L’attenzione sul Libano

Dopo alcuni mesi, però le divergenze con Netanyahu si sono rese troppo evidenti. Al punto che sia il leader di Unità nazionale che l’altro suo collega, l’ex capo di stato maggiore Gadi Eisenkot, hanno deciso di abbandonare. Una scelta che non ha però allontanato Gantz dalla scena politica, né l’impegno dell’ex ministro sul fronte bellico e diplomatico. E lo hanno confermato anche i suoi ultimi viaggi, in cui il leader dell’opposizione di fatto si è confermato un vero e proprio interlocutore nelle più alte sfere della comunità internazionale. Il primo blitz è stato negli Stati Uniti, a Washington. E qui l’ex membro del gabinetto di guerra ha ribadito le sue idee sull’operazione militare in corso. E in particolare su un fatto: che Israele dovrebbe spostare la sua attenzione su Hezbollah in Libano. “Abbiamo abbastanza forze per occuparci di Gaza e dovremmo concentrarci su ciò che sta accadendo a nord”, ha affermato Gantz, “è arrivato il momento del nord e in realtà penso che siamo in ritardo su questo”.

L’incontro con Macron

Sempre a Washington, a margine di una conferenza sul Medio Oriente, l’ex generale ha poi incontrato il segretario di Stato americano, Anthony Blinken, al quale ha assicurato che il suo partito darebbe a Netanyahu i numeri necessari alla Knesset se servisse per arrivare a un accordo per liberare gli ostaggi. Ma allo stesso tempo, ha chiesto agli Usa e alla comunità internazionale di sostenere un aumento della “pressione civile e militare a Gaza” e su Hamas. Un viaggio che è servito a certificare l’importanza di Gantz nella cerchia dell’amministrazione democratica Usa. Ma che è stato seguito da un altro blitz, questa volta a Parigi (dove il quotidiano Maariv ha anticipato un incontro anche con Emmanuel Macron). Nella capitale francese, infatti, l’ex militare ha incontrato alcune famiglie degli ostaggi insieme al premier e ministro degli Esteri del Qatar, lo sceicco Mohammed bin Abdulrahman Al Thani, e al presidente del Congresso ebraico mondiale, Ronald S. Lauder.
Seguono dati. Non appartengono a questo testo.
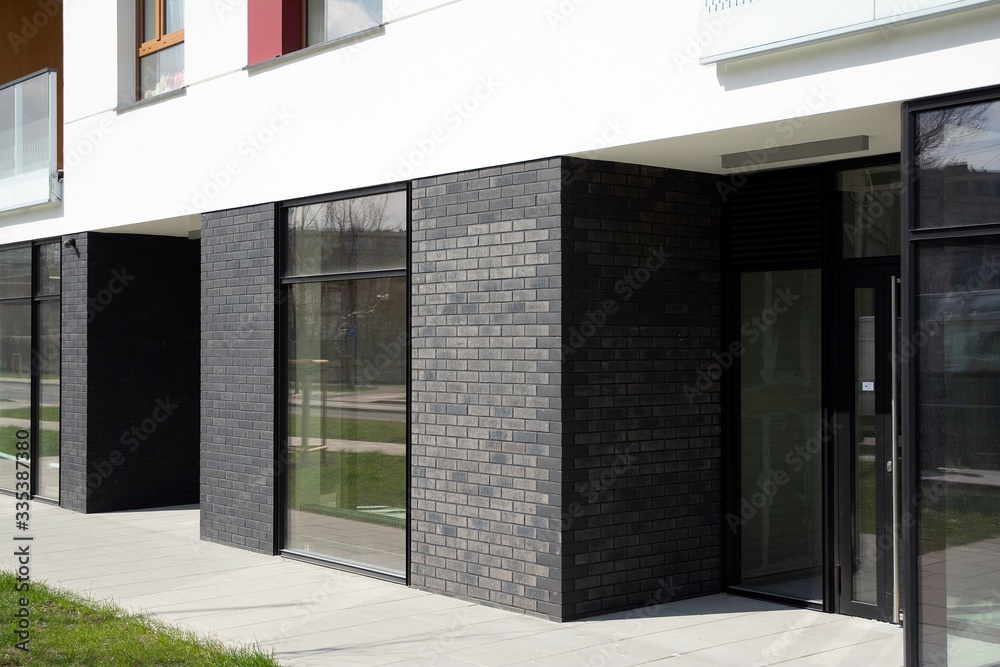 Panoramic windows of new commercial premises. Commercial property in development standard for rent.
Come spiegato dai media israeliani e dallo stesso Gantz, nell’incontro non si sarebbe parlato delle trattative con Hamas (perché di competenza del team negoziale). Ma Israel Hayom ha sottolineato che Gantz ha uno stretto rapporto personale con il primo ministro del Qatar risalente ai tempi in cui il primo lavorava alla Difesa. E questa conoscenza rivela quanto sia forte il peso dell’ex generale nella politica israeliana e tra i mediatori tra Hamas e lo Stato ebraico. Un ruolo fondamentale, che assume un certo valore anche alla luce dello stallo nei negoziati e mentre Joe Biden e Kamala Harris appaiono sempre più frustrati dall’atteggiamento di Netanyahu sull’accordo. Non è un caso che in questi giorni in Israele si sia tornato a parlare con una certa insistenza di un governo di unità nazionale sul modello di quanto già avvenuto dopo il 7 ottobre.

Il presidente Isaac Herzog ha chiesto al sistema politico di “fare squadra e sostenere con tutte le sue forze la liberazione di tutti gli ostaggi”. Ma al momento sia l’opposizione che Netanyahu non sembrano propensi a un cambio di rotta. Yair Lapid ieri ha detto che “non esiste una proposta del genere, Netanyahu non la vuole”, ribadendo che sarebbe disposto a un esecutivo allargato ma a condizione di rimuovere i ministri dell’estrema destra: Itamar Ben-Gvir e Bezalel Smotrich. Gantz non appare intenzionato al momento a ripetere l’esperienza chiusa da alcuni mesi, anche se in Unità nazionale qualcuno non sarebbe così netto. Contrario a unirsi alla compagine di governo è anche l’altro ex alleato di Netanyahu, Avigdor Lieberman. Mentre a lavorare sottotraccia, spiegano gli osservatori, è il partito ultraortodosso Shas, che ha anche un altro obiettivo: mettere alla porta Ben-Gvir.